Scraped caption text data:

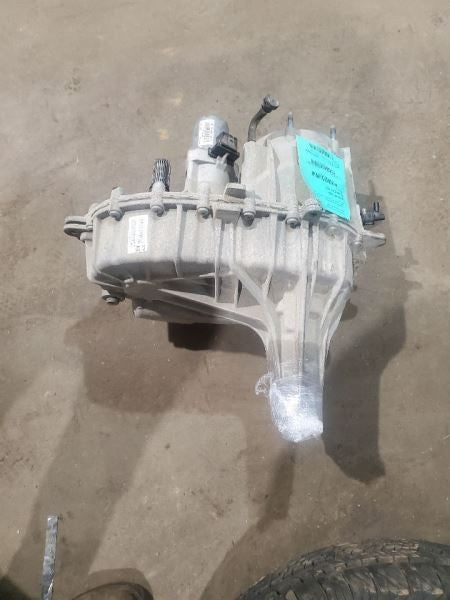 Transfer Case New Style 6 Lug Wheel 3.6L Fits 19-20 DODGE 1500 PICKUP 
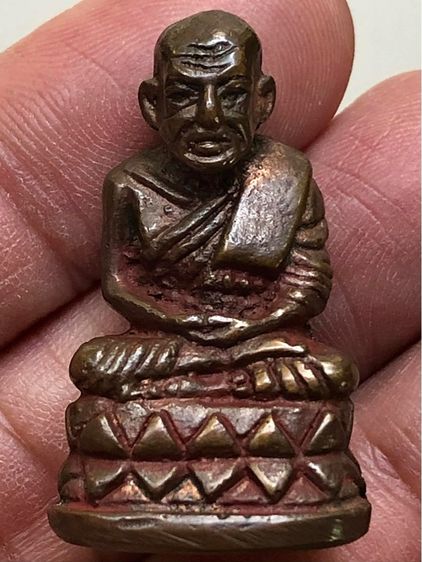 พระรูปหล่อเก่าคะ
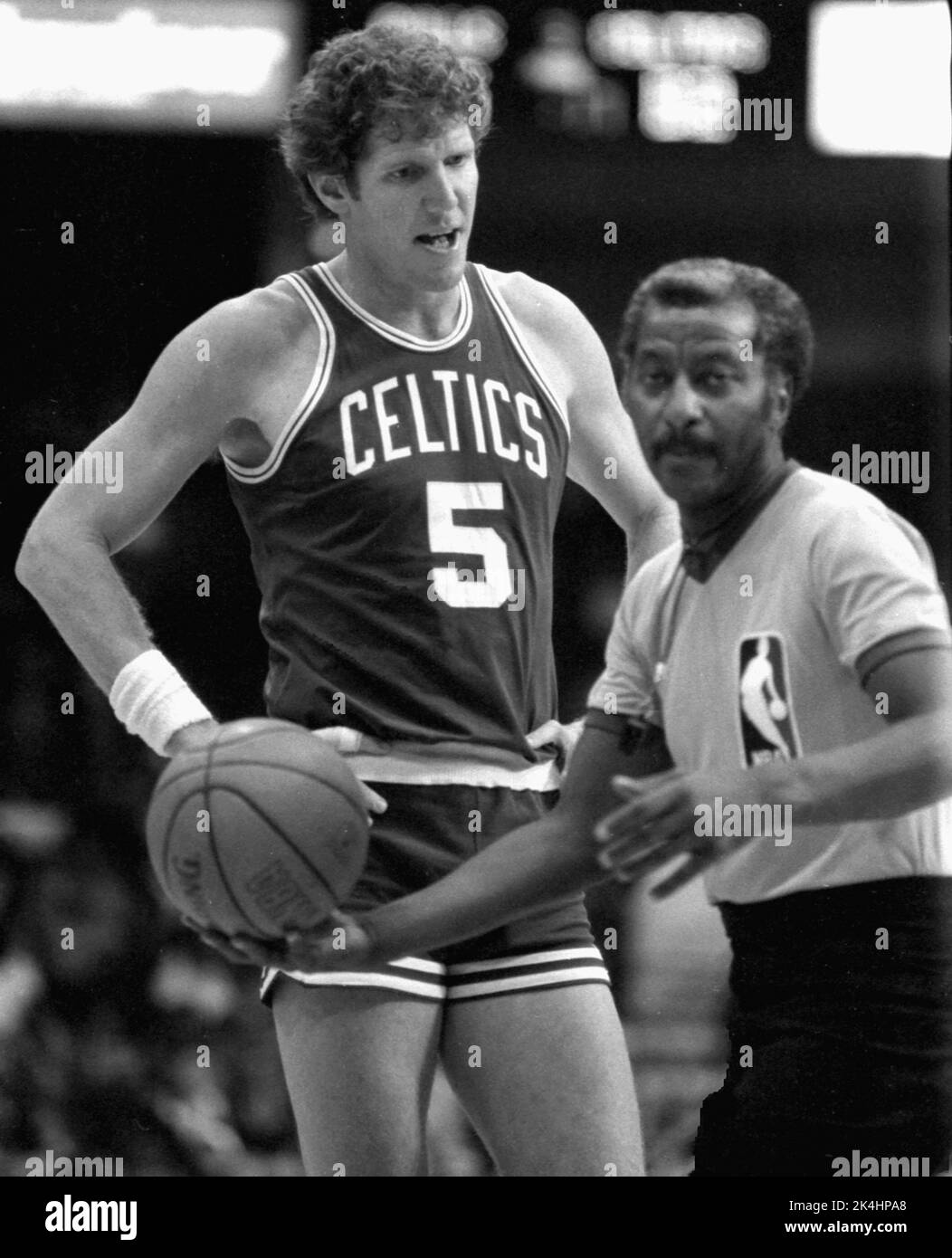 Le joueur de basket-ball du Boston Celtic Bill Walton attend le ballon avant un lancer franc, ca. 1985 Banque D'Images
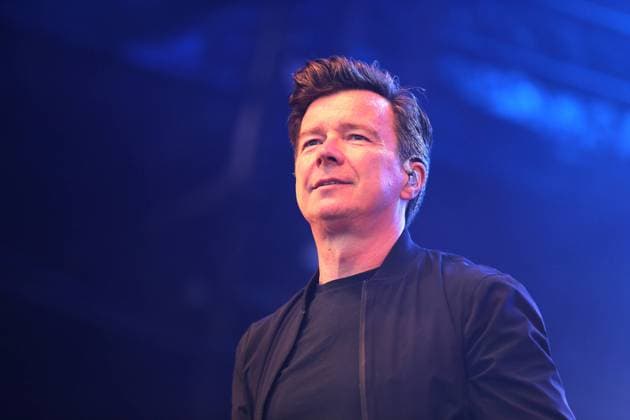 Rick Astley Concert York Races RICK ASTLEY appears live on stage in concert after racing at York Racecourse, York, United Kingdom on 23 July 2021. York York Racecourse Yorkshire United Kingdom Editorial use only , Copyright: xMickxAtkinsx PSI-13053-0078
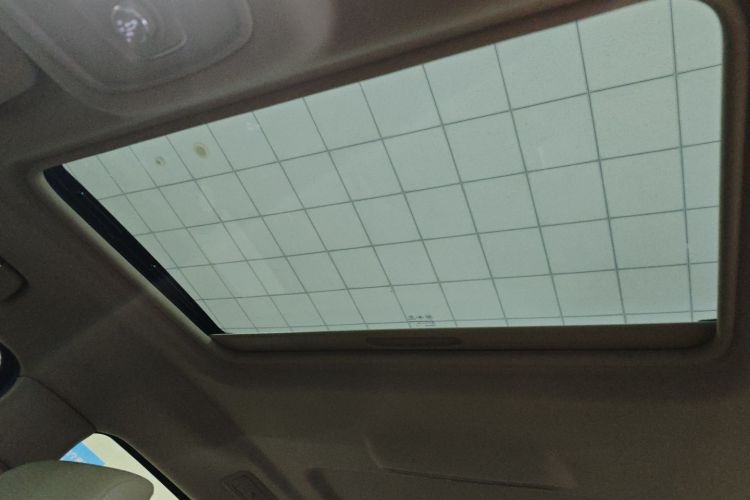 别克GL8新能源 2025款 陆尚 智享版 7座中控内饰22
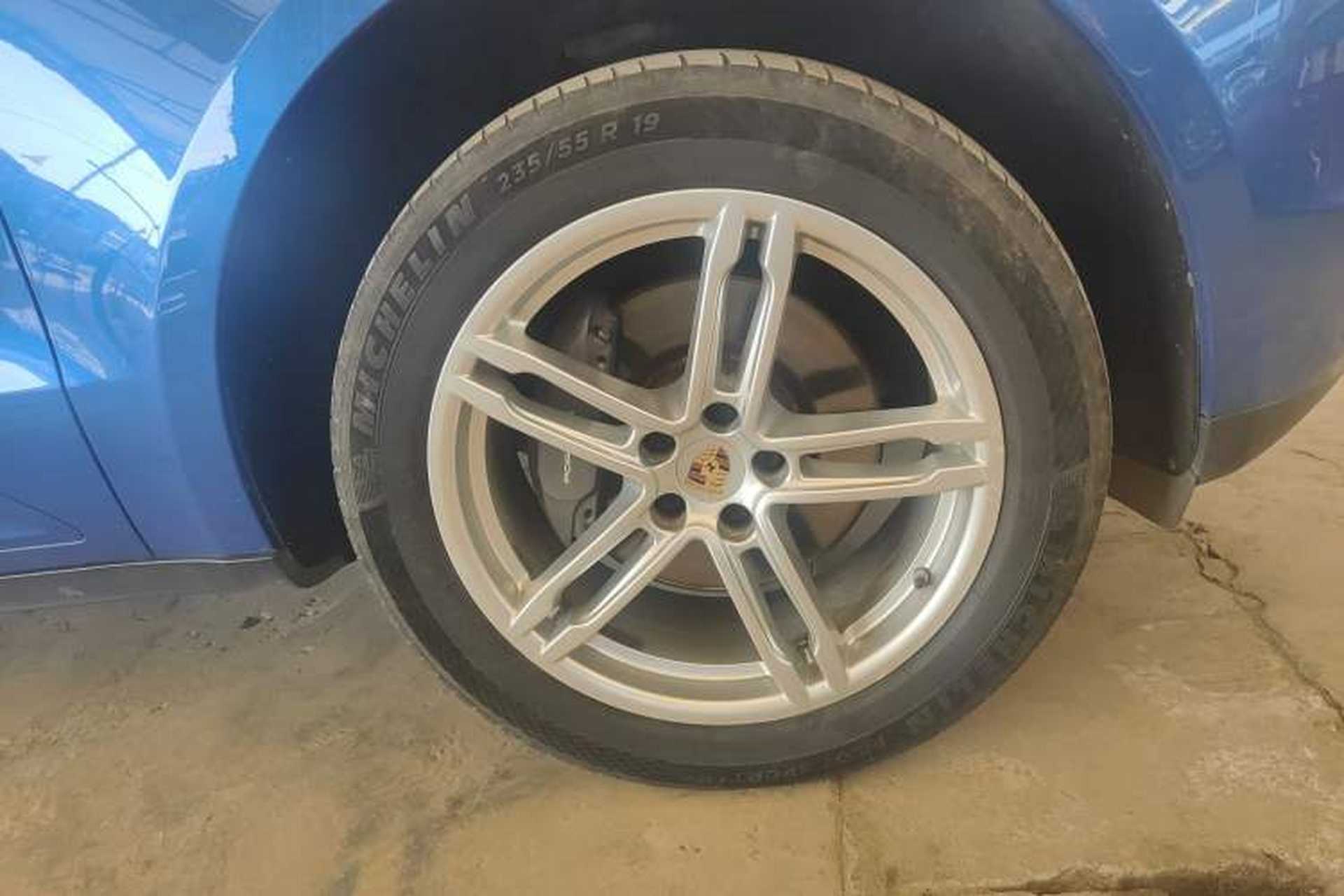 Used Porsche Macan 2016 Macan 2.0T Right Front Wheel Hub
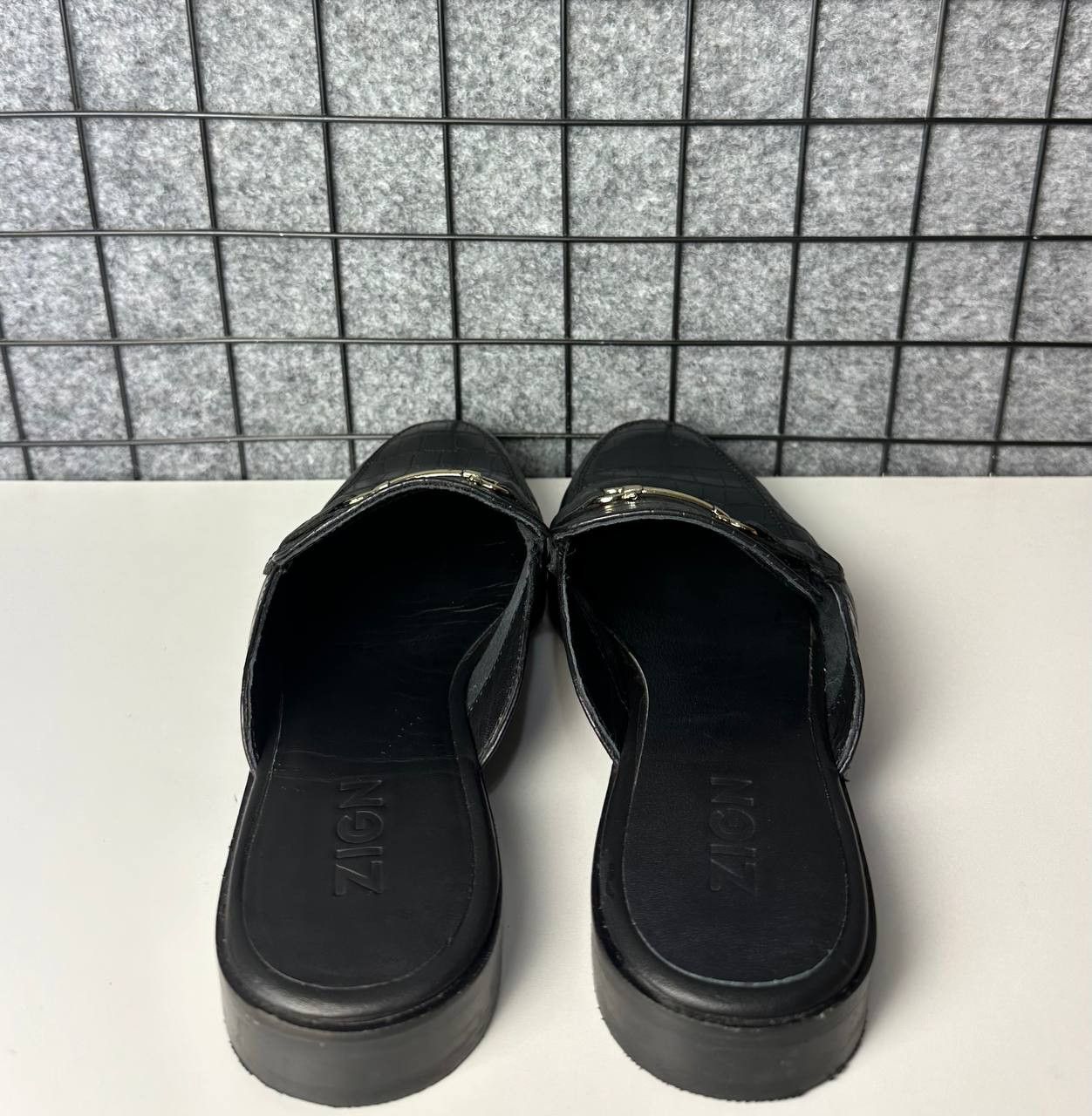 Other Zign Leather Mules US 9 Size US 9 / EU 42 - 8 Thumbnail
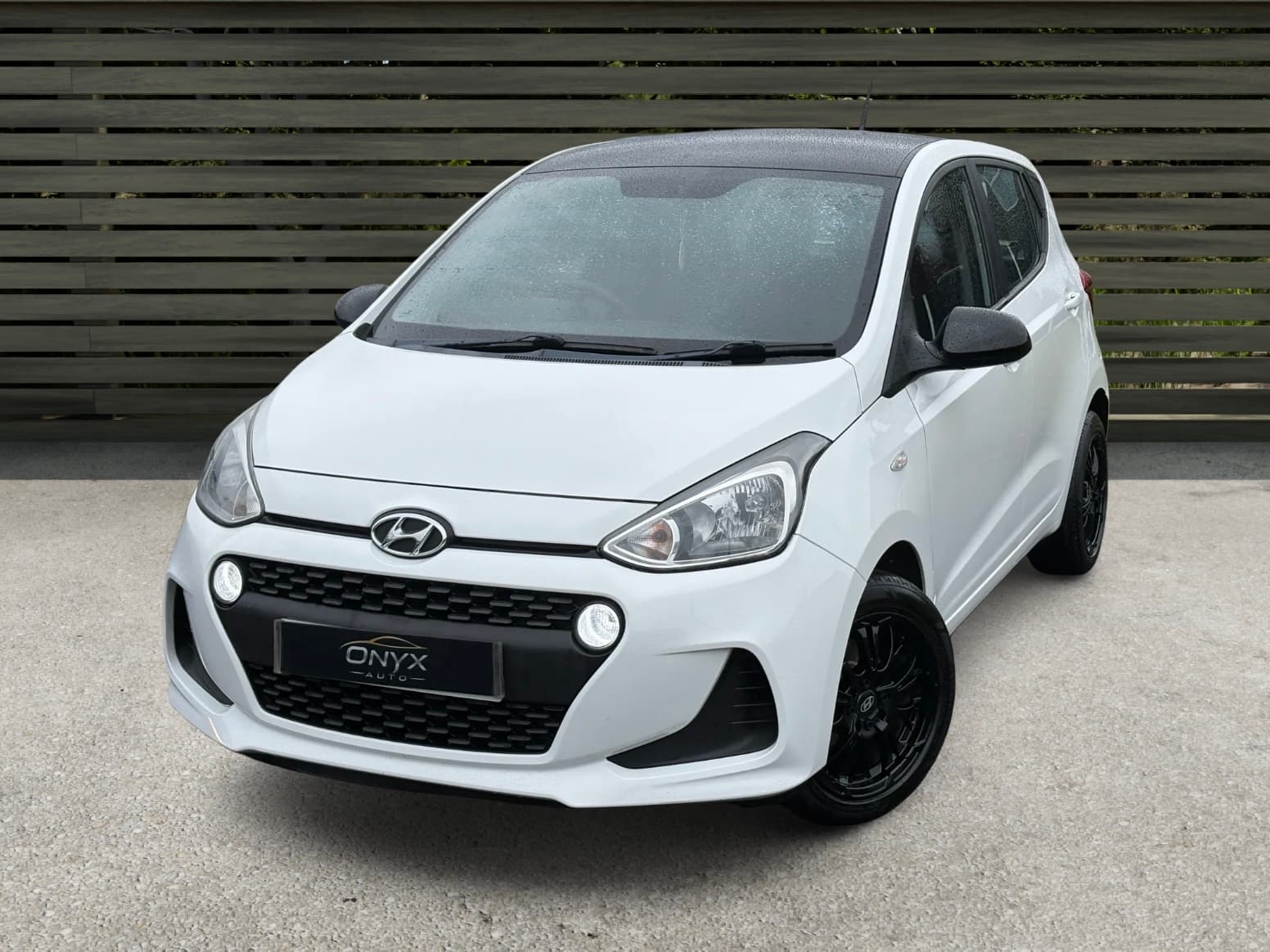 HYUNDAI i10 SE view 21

» **REQUIRED WORK**: Return an exact copy of the data above, apart from any pictures.

» **WRITTEN ANSWER**:
 Transfer Case New Style 6 Lug Wheel 3.6L Fits 19-20 DODGE 1500 PICKUP 
 พระรูปหล่อเก่าคะ
 Le joueur de basket-ball du Boston Celtic Bill Walton attend le ballon avant un lancer franc, ca. 1985 Banque D'Images
 Rick Astley Concert York Races RICK ASTLEY appears live on stage in concert after racing at York Racecourse, York, United Kingdom on 23 July 2021. York York Racecourse Yorkshire United Kingdom Editorial use only , Copyright: xMickxAtkinsx PSI-13053-0078
 别克GL8新能源 2025款 陆尚 智享版 7座中控内饰22
 Used Porsche Macan 2016 Macan 2.0T Right Front Wheel Hub
 Other Zign Leather Mules US 9 Size US 9 / EU 42 - 8 Thumbnail
 HYUNDAI i10 SE view 21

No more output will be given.